Task statement
Exact copy, pictures excluded: reproduce every record below.

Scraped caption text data

__________

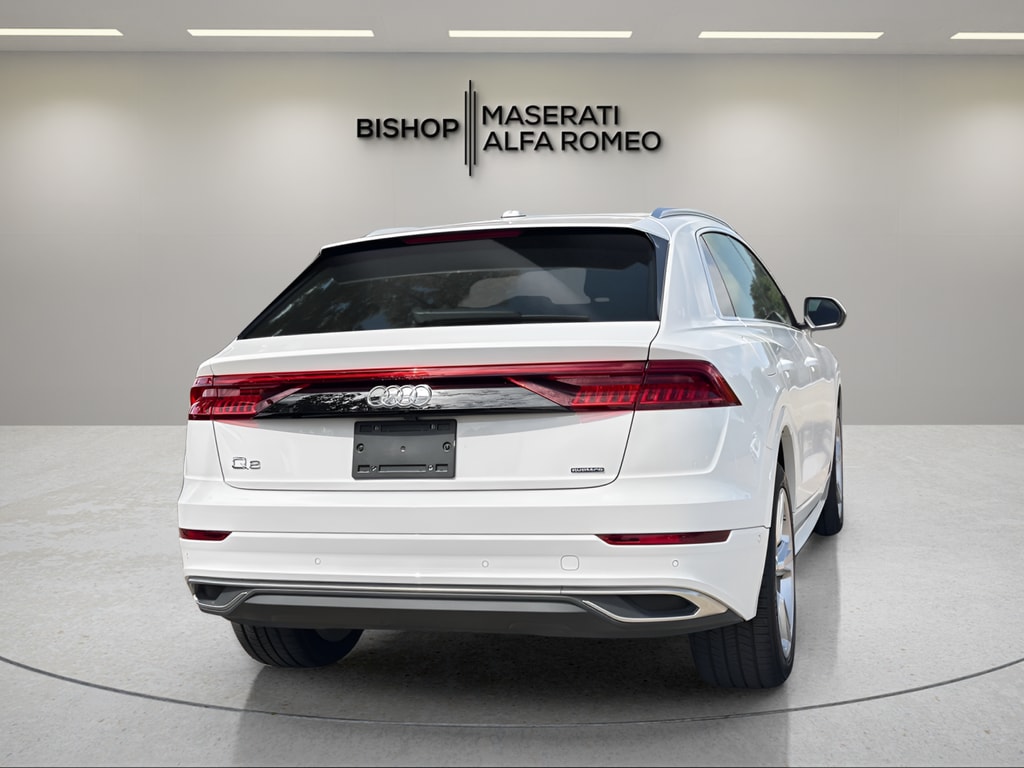 Used 2023 Audi Q8 55 Premium Plus SUV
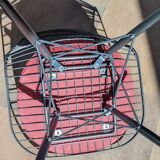 Set of 4 chairs by Eames for Vitra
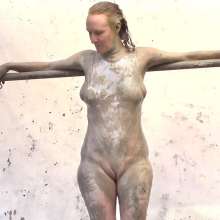 FOXY: Fantastic Mia Paint+mud+wedgie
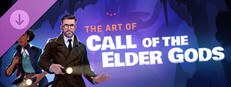 The Art of Call of the Elder Gods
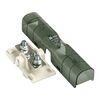 Клемма силовая вводная КСВб в корпусе 250А M8 (10-120кв.мм) PROxima EKF kvs-b-120, изображение 7 • Купить по низкой цене в интернет-магазине СМЭК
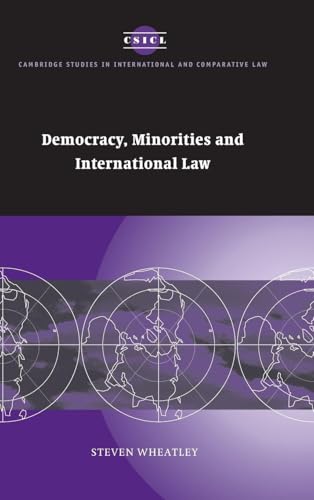 Democracy, Minorities and International Law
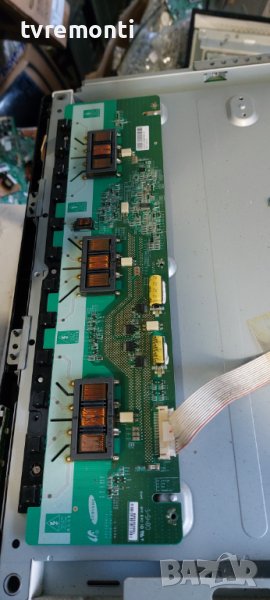 ИнверторBacklight Inverter SSI320A12 REV0.7 for SAMSUNG ,LE32A436T1D, снимка 1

__________

Response to the exercise
 Used 2023 Audi Q8 55 Premium Plus SUV
 Set of 4 chairs by Eames for Vitra
 FOXY: Fantastic Mia Paint+mud+wedgie
 The Art of Call of the Elder Gods
 Клемма силовая вводная КСВб в корпусе 250А M8 (10-120кв.мм) PROxima EKF kvs-b-120, изображение 7 • Купить по низкой цене в интернет-магазине СМЭК
 Democracy, Minorities and International Law
 ИнверторBacklight Inverter SSI320A12 REV0.7 for SAMSUNG ,LE32A436T1D, снимка 1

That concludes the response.